This idea works correctly in assumption that the built map is close to the ground truth, i.e., the estimated map and the ground truth should a similar structure. If this assumption is not fulfilled, using this metric might yield incorrect results. For example, the algorithm lose data and create an incomplete map, in which case the proportion of occupied cell might be very small. That’s why these metrics cannot be used independently of one another and should be used only as a part of a complex analysis.

### Iii-B Corner Count

It is also believed that, with the same sequence, the more corners the estimated map has, the higher the chance that this map is less consistent and has more artifacts.
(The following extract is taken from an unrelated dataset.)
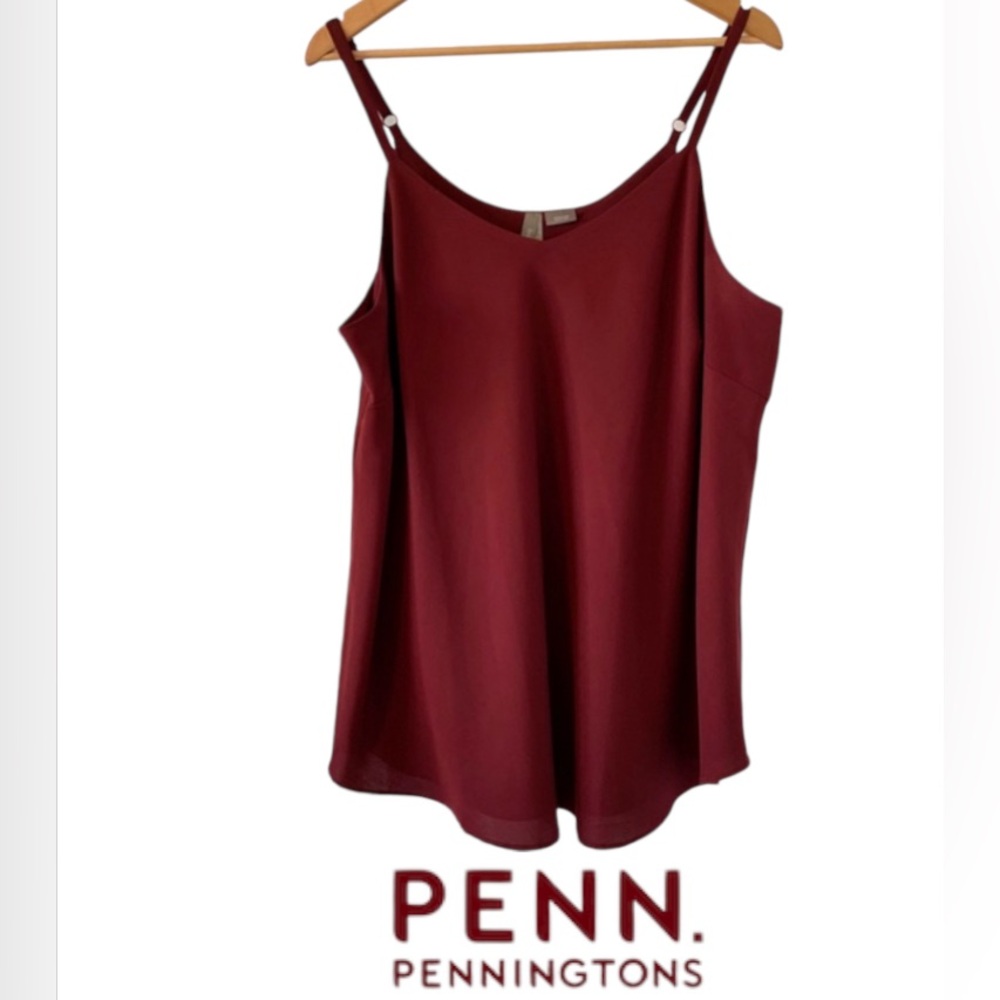 3X PENN Double Layer Camisole Top with Adjustable Straps, New With Tags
For two maps of similar quality generated by two SLAM algorithms on the same sequence, the map with fewer corners is more likely to be more consistent and have fewer artifacts. As long as no information is missed or dropped by any algorithm, and actual corners are successfully reflected in each map, then any extra corners would be errors: artifacts, doubled walls caused by trajectory mismatch, and broken circle areas. Admittedly, different level of details between different SLAM algorithms will make this comparison less convincing, but by applying a stronger rule to define what a ”corner” is, this metric could successfully indicate consistency with a reasonable chance empirically.
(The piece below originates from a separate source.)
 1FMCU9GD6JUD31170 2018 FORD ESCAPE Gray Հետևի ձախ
For this specific purpose, only structural corners are taken into our account by ignoring small dots sparsely spread throughout the free area. These dots might be small obstacles or just noise, and by ignoring them we get a more clear and accurate result.

To extract corners from the raw maps, the map’s pixel values are first remapped using the rule that the higher the cell value is, the higher the chance that the cell is not occupied (while unknown area should be zero). Then a Gaussian-Laplace filter is applied to extract the abstracted structure of the new map. Based on the abstract structure, after dropping small discrete dots (or dot groups), Harris corner detector [9] is applied on the preprocessed map structure to get the structural corners in the map.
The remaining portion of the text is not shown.